How can Variable and that value move freely in the cycle of PHP->HTML->JS->PHP

Question

I am adding the comments input box of every XML-RSS article. When I select a RSS url, that results are commonly as below

PHP code

for ($i=0; $i<=19; $i++) {
  $item_title=$x->item($i)->getElementsByTagName('title')
  ->item(0)->childNodes->item(0)->nodeValue;
  $item_link=$x->item($i)->getElementsByTagName('link')
  ->item(0)->childNodes->item(0)->nodeValue;
  $item_desc=$x->item($i)->getElementsByTagName('description')
  ->item(0)->childNodes->item(0)->nodeValue;
  $item_date=$x->item($i)->getElementsByTagName('pubDate')
  ->item(0)->childNodes->item(0)->nodeValue;

  echo ("<p><a href='" . $item_link
  . "' target=\'_blank\'>" . $item_title . "</a>");
  echo ("<br>");
  echo ($item_desc . "<br>".$item_date."</p>");

  $item_link1 = str_replace('http://','',$item_link);
  $item_link2 = str_replace('https://','',$item_link1);
  $item_link3 = str_replace('/','-',$item_link2);
  $item_link4 = str_replace('?','-',$item_link3); 

  $content = $item_title."--". $item_link."--".$item_desc."--".$item_date;   
  file_put_contents("./comments/".$item_link4.".txt",$content);

  //Next line is something wrong or not??
  echo "<option id=".$item_link4." onclick=\"showComment(this.value)\" value=".$item_link4."> Show Comments </option> <div id=\"".$item_link."\"></div>";

Next, I can see the results as a below picture.

And I am coding JS which has the showComment function as below.

 function showComment(str) {
    if (str.length == 0) { 
        document.getElementById(""+item_link4+"").innerHTML = "";
        return;
     } else {
        var xmlhttp = new XMLHttpRequest();
        xmlhttp.onreadystatechange = function() {
            if (this.readyState == 4 && this.status == 200) {
                document.getElementById(""+item_link4+"").innerHTML = this.responseText;
            }
        };

         var q = document.getElementById(""+item_link4+"").value;
        xmlhttp.open("GET", "showComment.php?q=" + q, true);
        xmlhttp.send();
     }
    }

And Next, I am coding the showComment.php as below to see the 'q' value.
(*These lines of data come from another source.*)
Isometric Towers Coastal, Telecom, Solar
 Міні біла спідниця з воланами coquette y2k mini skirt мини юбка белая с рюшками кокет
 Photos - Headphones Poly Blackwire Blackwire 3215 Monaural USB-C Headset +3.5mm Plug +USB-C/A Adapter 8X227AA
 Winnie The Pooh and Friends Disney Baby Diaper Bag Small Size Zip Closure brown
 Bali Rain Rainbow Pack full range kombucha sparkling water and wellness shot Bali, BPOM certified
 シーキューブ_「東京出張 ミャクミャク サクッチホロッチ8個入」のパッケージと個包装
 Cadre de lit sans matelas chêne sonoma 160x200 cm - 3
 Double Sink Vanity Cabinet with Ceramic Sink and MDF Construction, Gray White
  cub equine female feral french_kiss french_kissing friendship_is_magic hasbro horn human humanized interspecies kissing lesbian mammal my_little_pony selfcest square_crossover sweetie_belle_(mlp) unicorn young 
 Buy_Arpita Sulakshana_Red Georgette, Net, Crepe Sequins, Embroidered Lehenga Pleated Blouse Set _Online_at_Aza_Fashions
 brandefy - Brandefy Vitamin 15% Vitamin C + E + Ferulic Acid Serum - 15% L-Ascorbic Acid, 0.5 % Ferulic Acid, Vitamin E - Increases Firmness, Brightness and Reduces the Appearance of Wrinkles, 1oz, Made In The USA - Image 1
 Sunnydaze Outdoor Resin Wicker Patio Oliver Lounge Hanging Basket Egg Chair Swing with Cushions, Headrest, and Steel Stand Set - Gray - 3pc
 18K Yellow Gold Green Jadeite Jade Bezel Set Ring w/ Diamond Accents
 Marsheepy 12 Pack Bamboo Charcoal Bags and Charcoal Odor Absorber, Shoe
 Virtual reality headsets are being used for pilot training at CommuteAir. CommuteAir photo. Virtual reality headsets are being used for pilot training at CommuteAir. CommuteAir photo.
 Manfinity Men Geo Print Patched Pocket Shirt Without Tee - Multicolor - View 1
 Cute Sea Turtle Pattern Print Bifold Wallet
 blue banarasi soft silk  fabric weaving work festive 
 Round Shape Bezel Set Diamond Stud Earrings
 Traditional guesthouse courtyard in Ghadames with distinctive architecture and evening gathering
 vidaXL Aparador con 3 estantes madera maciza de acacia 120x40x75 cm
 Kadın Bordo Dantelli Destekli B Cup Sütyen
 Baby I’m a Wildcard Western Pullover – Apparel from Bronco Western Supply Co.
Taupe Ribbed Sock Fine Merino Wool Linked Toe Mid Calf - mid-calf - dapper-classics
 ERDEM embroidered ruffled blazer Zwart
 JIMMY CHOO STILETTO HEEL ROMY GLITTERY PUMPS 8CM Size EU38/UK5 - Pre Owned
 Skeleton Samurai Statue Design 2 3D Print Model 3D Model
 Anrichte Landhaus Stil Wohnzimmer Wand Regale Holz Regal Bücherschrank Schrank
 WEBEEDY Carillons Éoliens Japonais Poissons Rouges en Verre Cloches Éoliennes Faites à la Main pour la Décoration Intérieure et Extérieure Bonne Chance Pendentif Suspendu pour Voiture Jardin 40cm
But, Notice: Undefined index: q in E:\xampp\htdocs\code\v1\showComment.php on line 5.

The first part is like next.

// line 5 is $q = html... 
$q = htmlspecialchars($_GET['q']);
global $result;
echo $q;

Eventually, I got something wrong in JS code which received item_link4 How do I change the JS variable originated from php-HTML code? Please your Kindness.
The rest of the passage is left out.